11/01/2011

Harrisburg PA to Auction 8,000 Items


Harrisburg, the Bankrupt capital city of Pennsylvania is planning on selling more than 8,000 items from within the inventories.  The items range from rifles, to wooden wagons to gunfighter Doc Holliday's dentists chair and spans in time from the Colonial to Vietnam War eras.  25 auction firms were sent requests to bid on the assignment, with 10 viewing the property.  According to a Bloomberg article, the city sold $2 million worth of property at auction in 2007.

It could be a very unique sale with some very unusual items.

Bloomberg reports on the sale
Harrisburg, Pennsylvania’s capital, plans to auction off more than 8,000 relics ranging from 1900s- era rifles to wooden wagons that were meant to be part of a Wild West museum in the bankrupt city in the Northeast.

Representatives of 10 auction houses examined the artifacts yesterday, Robert Philbin, a spokesman for Mayor Linda Thompson, said. He declined to name them, though he said 25 firms, including Christie’s Inc. and Sotheby’s (BID), were invited to submit proposals.

“People were enthusiastic,” Philbin said.

The city, which faces a state takeover, budgeted $500,000 from the sale of the items. Former Mayor Stephen Reed, who served 28 years before losing to Thompson in the 2009 Democratic primary, collected the trove over years at a cost of about $8 million.

Reed, who spearheaded projects such as museums devoted to the Civil War and to firefighters and their equipment, also wanted to establish one to memorialize the American West. It never transpired. Reed didn’t return a call seeking comment today.

In 2007, the city sold about 3,000 artifacts for about $2 million, said Philbin.

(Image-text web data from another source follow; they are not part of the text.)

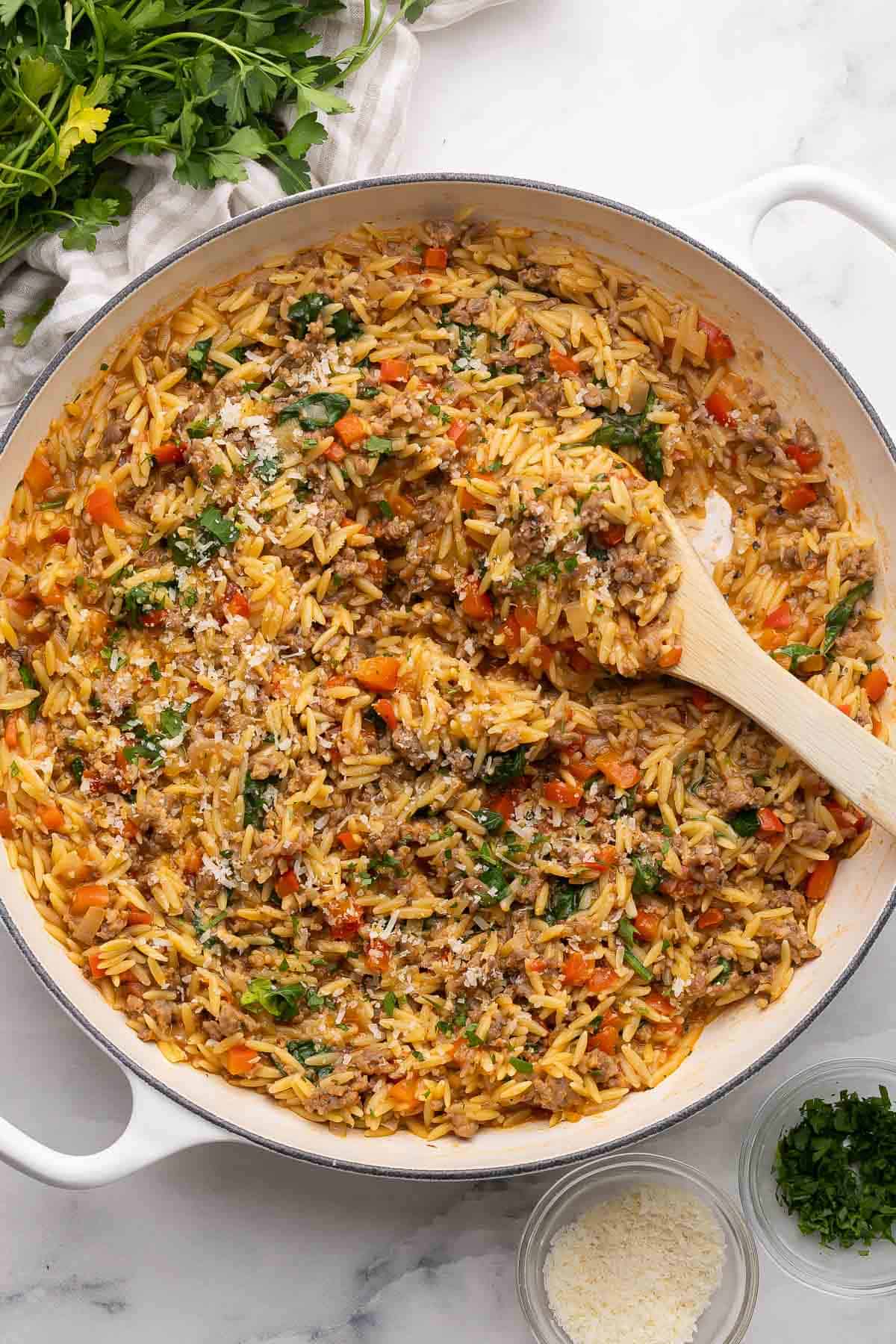 overhead image of italian sausage orzo pasta in white skillet with wooden spoon.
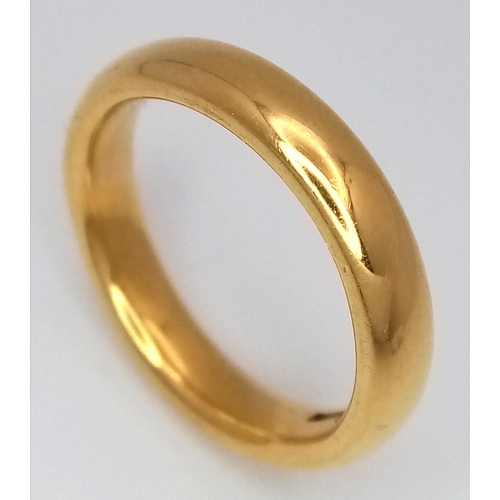 1530 - A 22K Yellow Gold Band Ring. 5mm width. Size M. 7.5g. Full UK hallmarks.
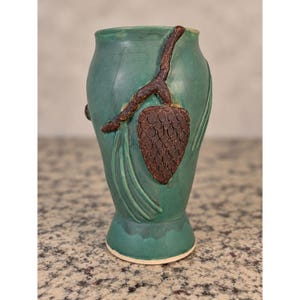 May include: A teal ceramic vase featuring a raised, textured brown pinecone and pine needle relief design on the front. The vase has a smooth, matte finish, a flared rim, and a tapered base, showcasing a distinct botanical motif in relief.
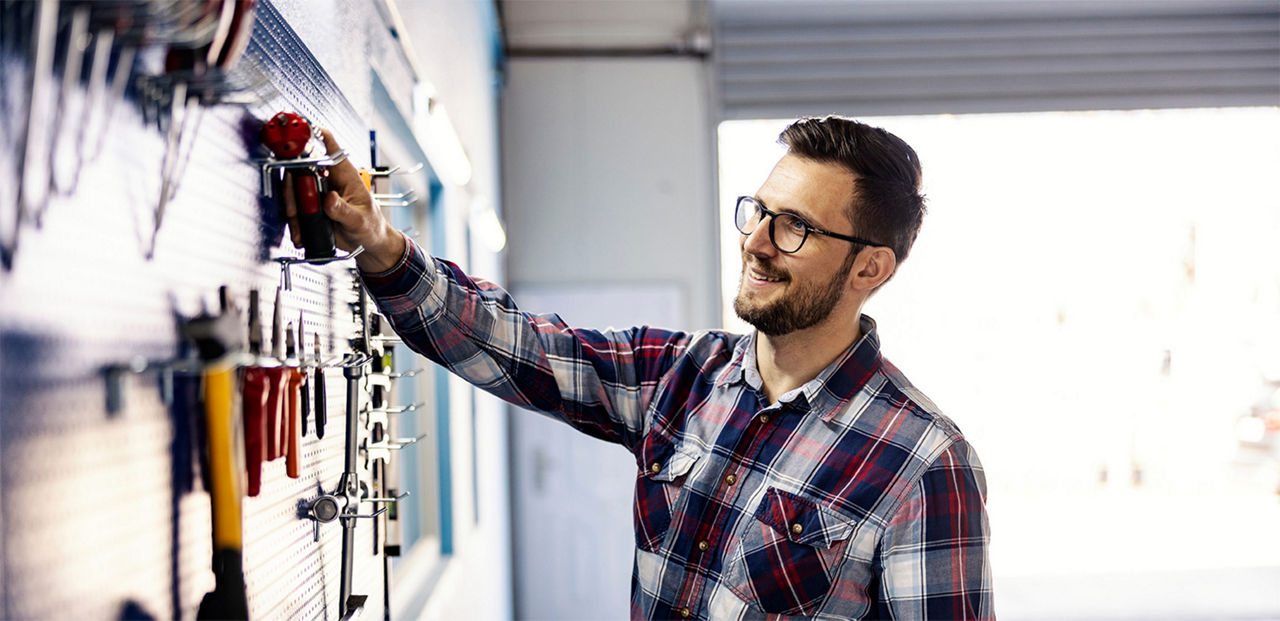 Man organizing his tool shelf on the wall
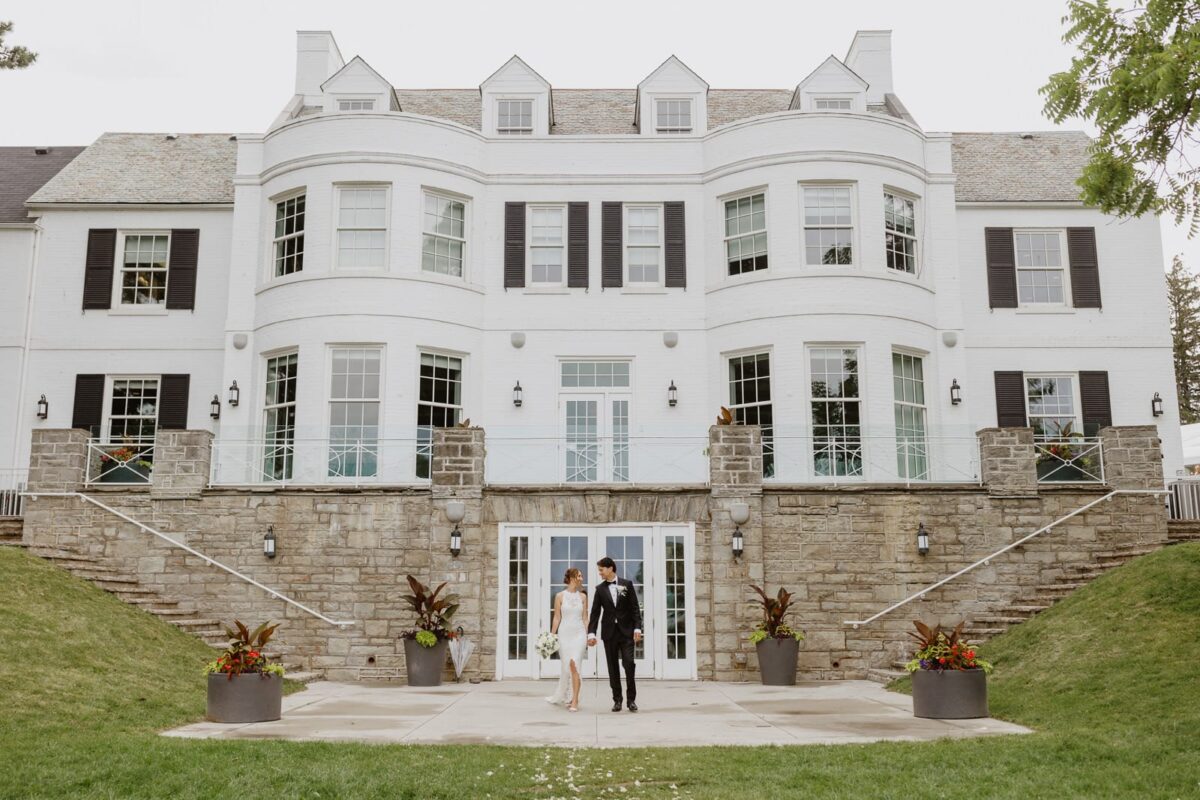 A bride and groom standing in front of the Harding Waterfront Estate on their wedding day.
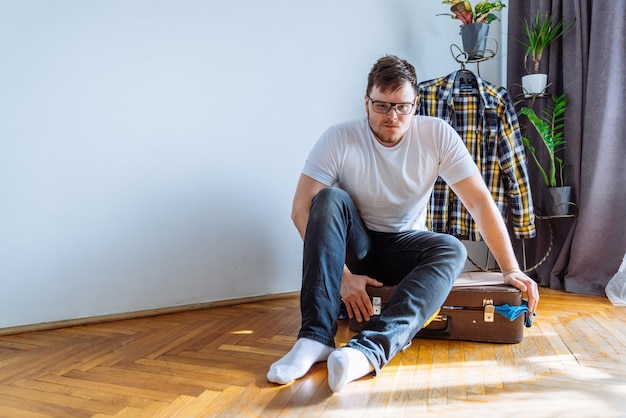 Foto hombre necesita ayuda para cerrar la maleta sobrecargada bolsa con ropa concepto de viaje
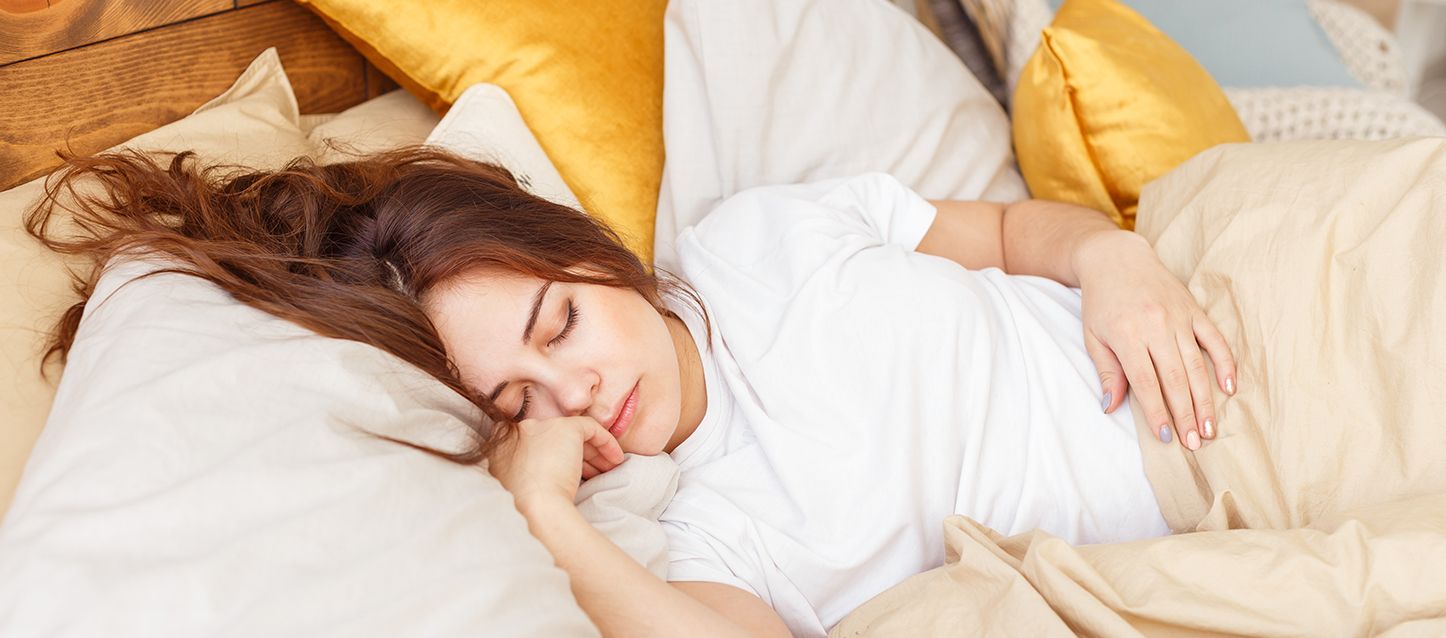 chica de pelo largo castaño, camiseta blanca durmiendo con varias almohadas y tapada con camiseta beige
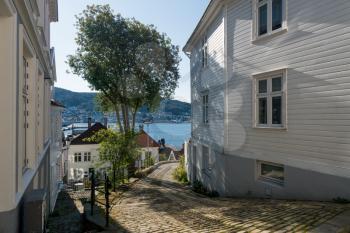 Narrow cobbestone Verfstbakken street in the old town of Bergen in Norway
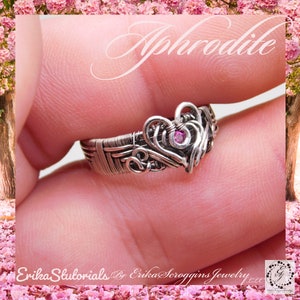 Może przedstawiać: Srebrny pierścionek owinięty drutem z wzorem różowego serca i małym różowym kamieniem szlachetnym w środku. Pierścionek jest na palcu, a słowo "Aphrodite" jest napisane kursywą nad pierścionkiem.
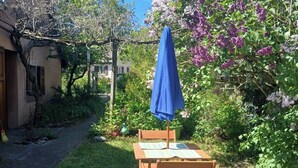 Une terrasse avec une table et des chaises, un parasol bleu et un jardin où les fleurs sont en pleine floraison.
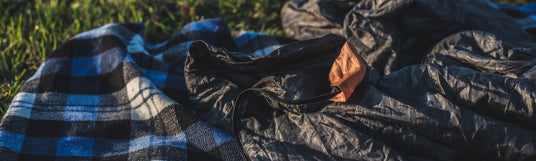 Biwaksack liegt auf einer Decke im Gras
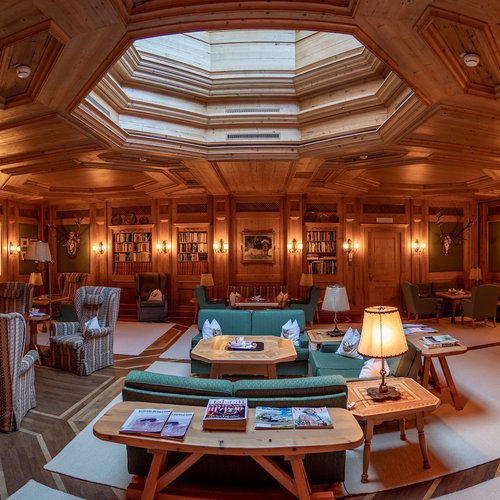 Events in Lech | Hotel Post Lech Arlberg Luxurious wood-paneled room with skylight, bookshelves, and cozy seating areas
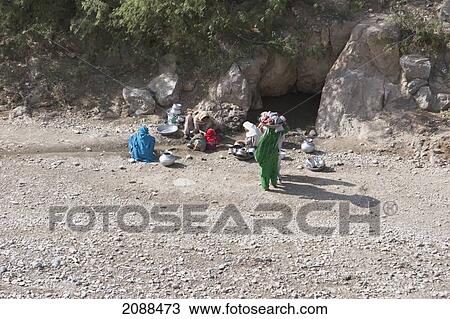 Stock Image - Pashtun Women Collecting Water By A Stream In The Khyber Pass, Federally Administered Tribal Areas, Pakistan. Fotosearch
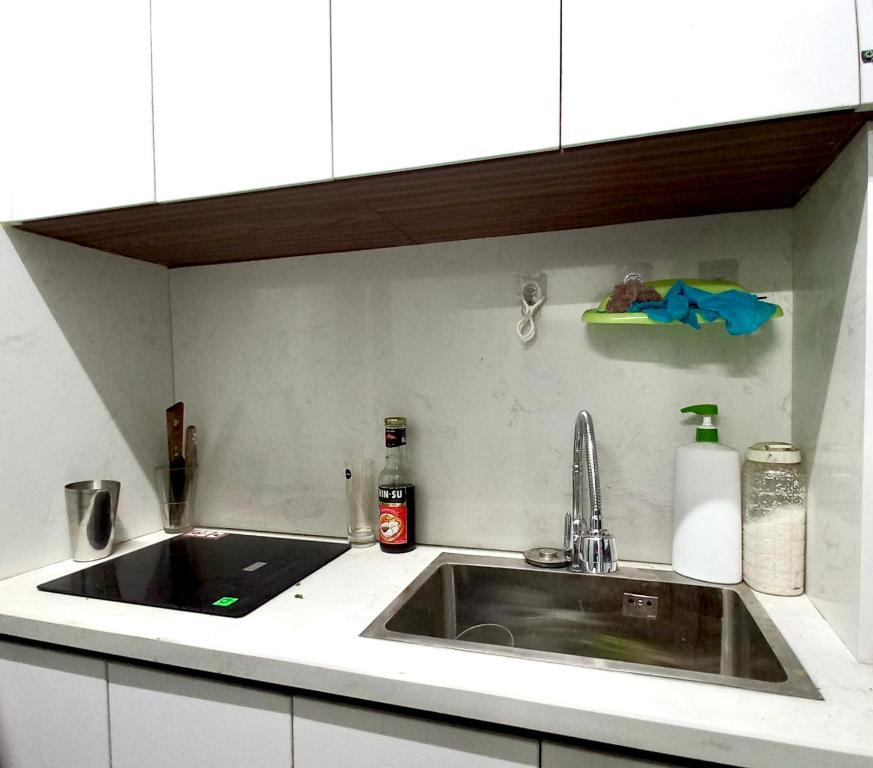 a kitchen counter with a sink and a counter top at Amelié Homestay in Hanoi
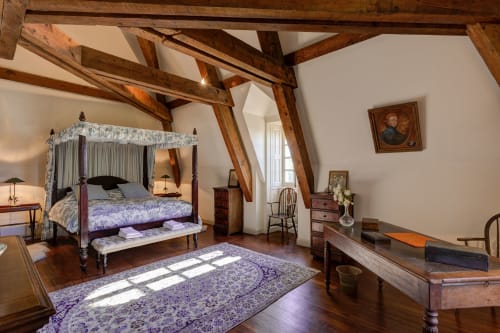 Chambre élégante aux poutres apparentes du Château d'Alexis de Tocqueville, lit à baldaquin violet et mobilier d'époque
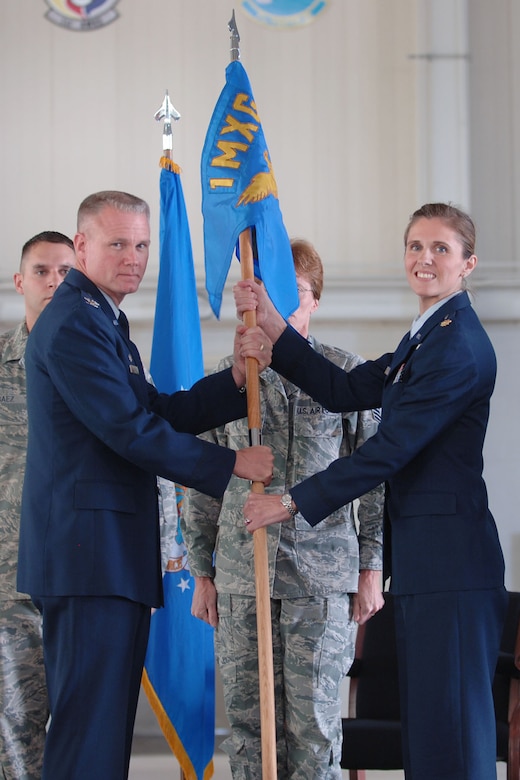 LANGLEY AIR FORCE BASE, Va. -- Col. George Zaniewski (left), 1st Maintenance Group commander, presents the 1st Maintenance Squadron unit guidon to Maj. Elizabeth Boehm, the squadron’s new commander, during the 1st Component Maintenance Squadron inactivation and 1st Equipment Maintenance Squadron re-designation ceremony at the 149th Fighter Squadron Hangar Oct. 29. Major Boehm served as the 1st Component Maintenance Squadron’s last commander before its inactivation, and assumed command of the newly-re-designated squadron from Lt. Col. Jason Gibson. (U.S. Air Force photo/Airman 1st Class Jason J. Brown) (RELEASED)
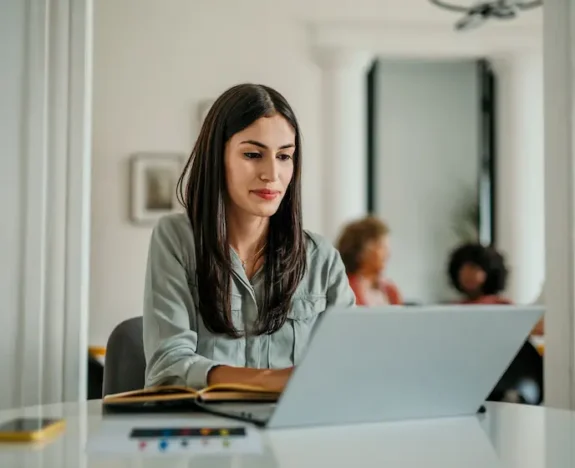 Kvinna arbetar vid en laptop på kontoret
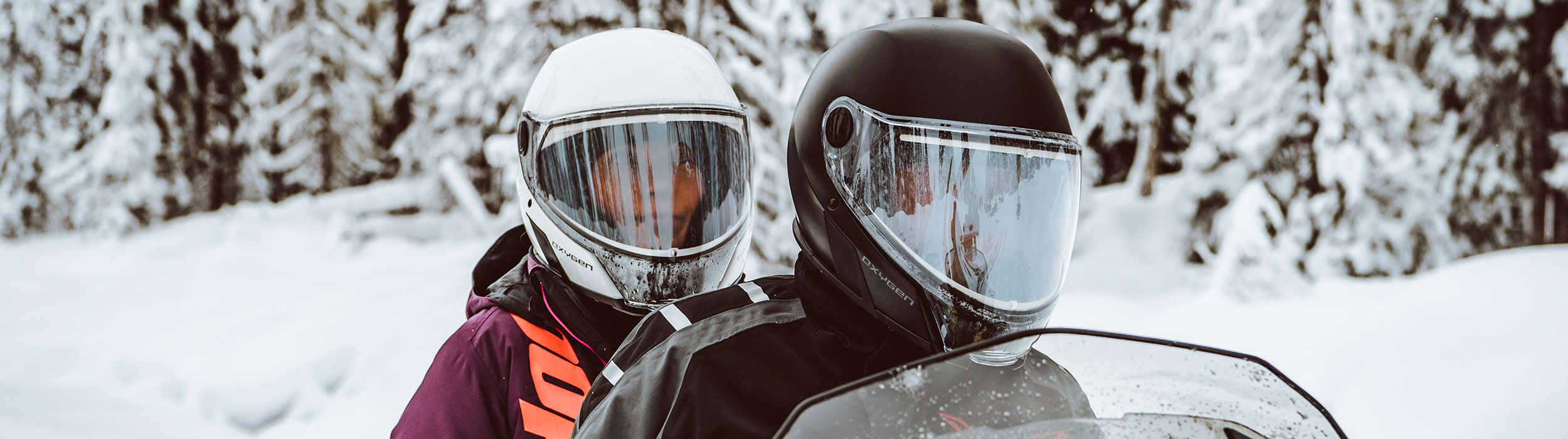 Couple wearing Oxygen Snowmobile helmets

The collection includes items from Colonial times to the Vietnam War, he said. Treasures such as a printing press and wanted posters featuring the outlaw Jesse James are stored in a climate-controlled office in downtown Harrisburg, said Philbin.
Toothpuller, Gunfighter

Other items, such as sabers and a dentist’s chair that belonged to Doc Holliday, who gained greater fame as a gunfighter, are jumbled in a building on the grounds of an incinerator whose debt load tipped the community into bankruptcy.

The selected auction house would take a commission, and proceeds would go toward the city, said Philbin, who added the timing would depend on the auctioneers and state of the market.
(Chrsitie's is holding its ImpMod evening sale Tuesday evening.  I will post results after the sale and when Chrisite's issues its press release.  The sale includes a Degas’s bronze Petite Danseuse de Quatorze Ans is estimated to sell between $25 million and $35 million)

1 comment:

Gary Drobnack said...

Has a date been set yet for the Harrisburg PA auction of historical artifacts? Has a catalogue of the items to be auctioned been published yet?